Don’t expect to discover great depths in the paintings of Winston Churchill, but you will find the qualities that helped make him excel in other areas. Benjamin Ivry reports.
Winston Churchill has been unavoidably compared to Adolf Hitler, insofar as both were drawn to painting. Churchill’s passion for art retained an amateur status, whereas Hitler tried, and failed, to earn a living as a painter of cityscapes in Vienna. Mel Brooks’ comedy film The Producers (1968) features an addled Nazi, Franz Liebekind, who praises Hitler the painter while slating Churchill’s ‘rotten painting, rotten!’

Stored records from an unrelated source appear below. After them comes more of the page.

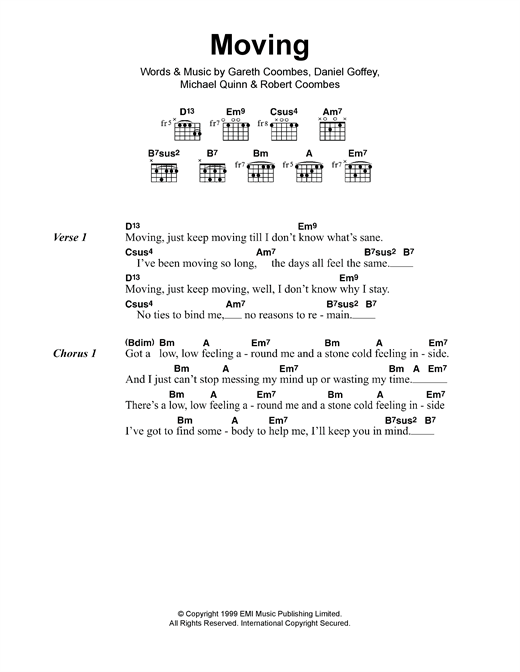 Moving (Guitar Chords/Lyrics) von Supergrass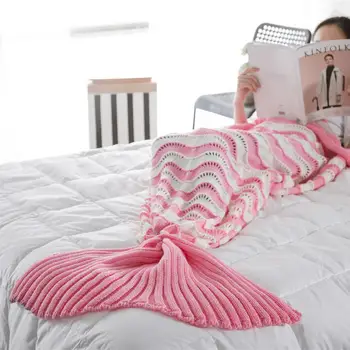 

Mermaid Plaid Quilt Mermaid Tail Blanket fleece throw plush plaid sofa Bed fluffy bedspread cover bed knit Mermaid Blanket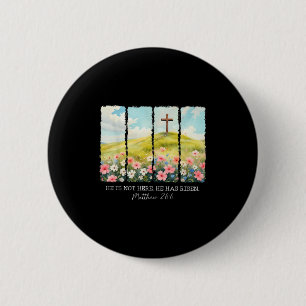 Chapa Redonda De 5 Cm Él No Está Aquí Ha Resucitado Cruz Cristiana Jesús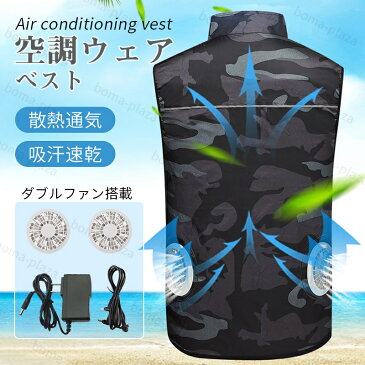 空調服 ファン付きベスト クールダウンウェア USBモバイルバッテリー給電式 ノースリーブ 速乾 作業用 ポリエステル ファスナーあり 洗濯機対応 男女兼用 空調ベスト ワークマン ファン付 熱中症対策 アウトドア 夏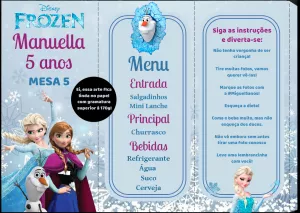 Menu de Mesa Frozen Editável para Aniversário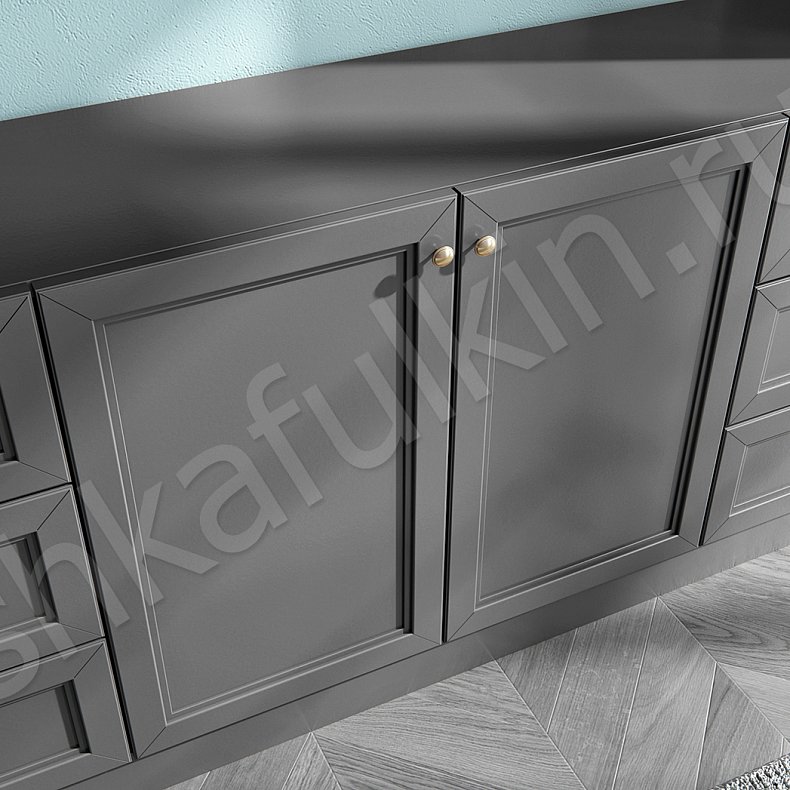 Изображение Стенка Фрейд Темные Серый Классика 4х створчатые Гостиная Для книг Под ТВ 5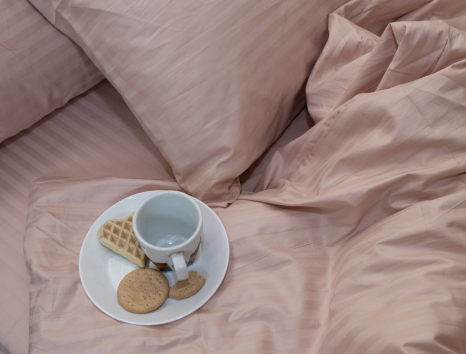 Євро-максі набір постільної білизни 200*220 зі Страйп Сатину №504441 Черешенка™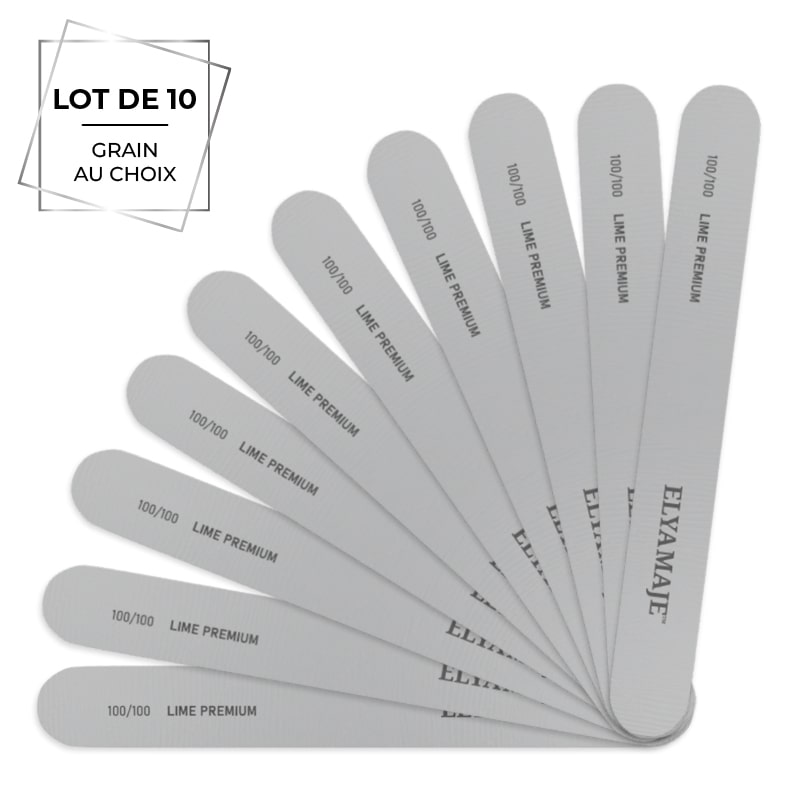 Elyamaje Lime Droite lime ongle lot x10 grain pro
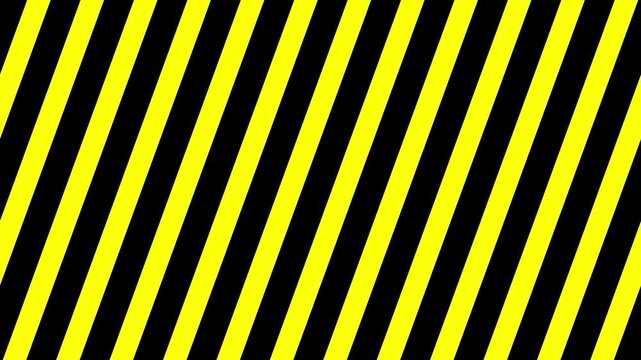 Black and yellow warning diagonal lines loop background 4K.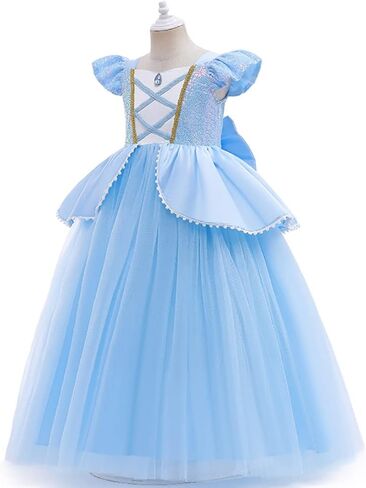 Kids Girls Princess Fancy Dress Up Costume Long Ball Gown+Wig Fairy Outfit Halloween Christmas Carnival Cosplay in Kuwait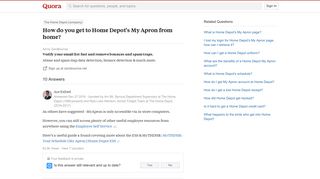 How to get to Home Depot's My Apron from home - Quora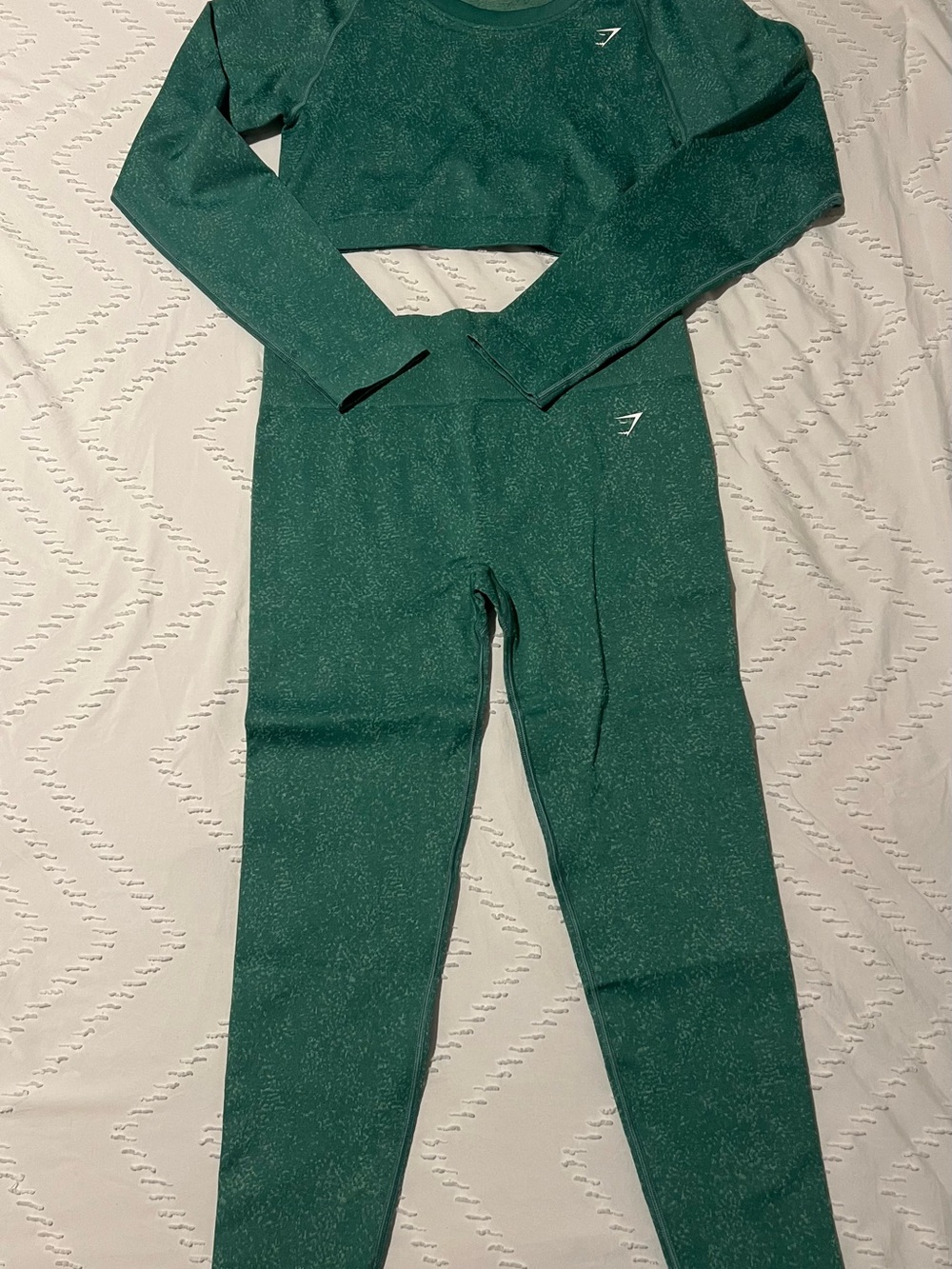 Gymshark Emerald Green Long-Sleeve Crop Top and High-Waist Leggings Set
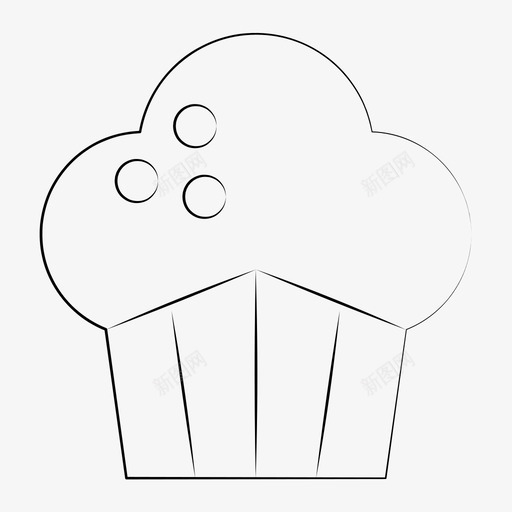 纸杯蛋糕甜点手绘面包店图标svg_新图网 https://ixintu.com 手绘面包店 甜点 纸杯蛋糕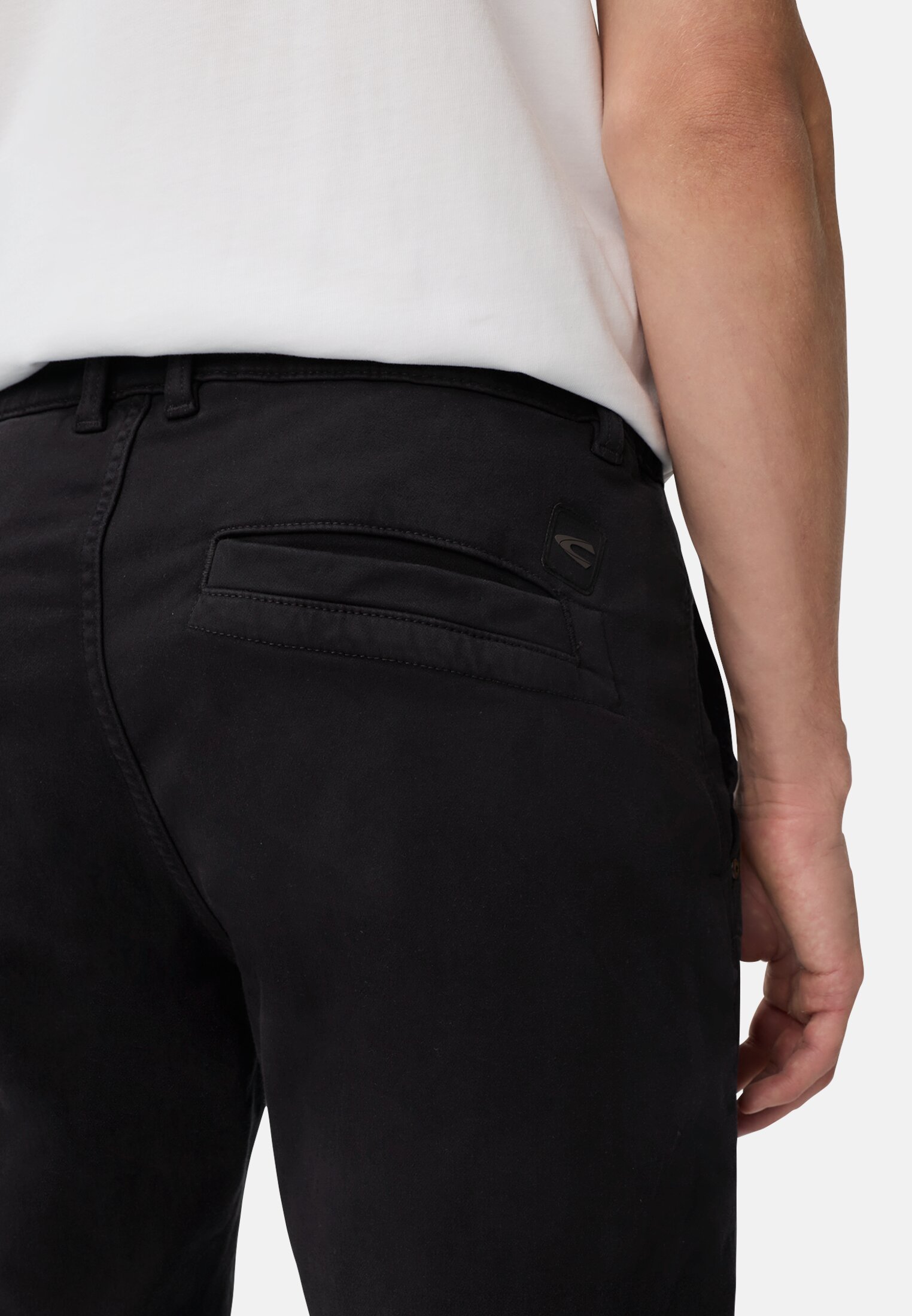 Men fleXXXactive® chinos regular fit made of cotton mix Navy blue worn detail close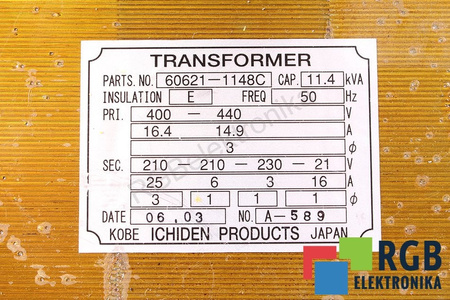 60621-1148C ICHIDEN 400-440V, 210-210-230-21V TRANSFORMADOR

Materially at least, Churchill’s art outvalues Hitler’s today. In 2017, Churchill’s Goldfish Pool at Chartwell (1962), described as his last oil painting, sold for £357,000 at Sotheby’s in London, over an estimate of £50,000-80,000. In 2007, Churchill’s Chartwell: Landscape with Sheep, a view of his estate near Westerham in Kent, fetched £1 million at the same sales venue.
By contrast, in 2015, a group of 14 paintings, watercolours, and drawings by Hitler fetched just over £300,000 at Weidler auction house in Nuremberg, Germany. The highest price for an individual artwork by Hitler, just over £89,000, was paid for a painting of King Ludwig II’s Neuschwanstein Castle, by a collector from China.
The question of comparative artistic value arises as well. In response, Churchill: The Statesman as Artist, a new book, has been published by Bloomsbury Continuum. Edited and introduced by David Cannadine, general editor of the Oxford Dictionary of National Biography and president of the British Academy, it contains perceptive writings about art by Sir Winston, as well as essays by art world notables who knew him personally.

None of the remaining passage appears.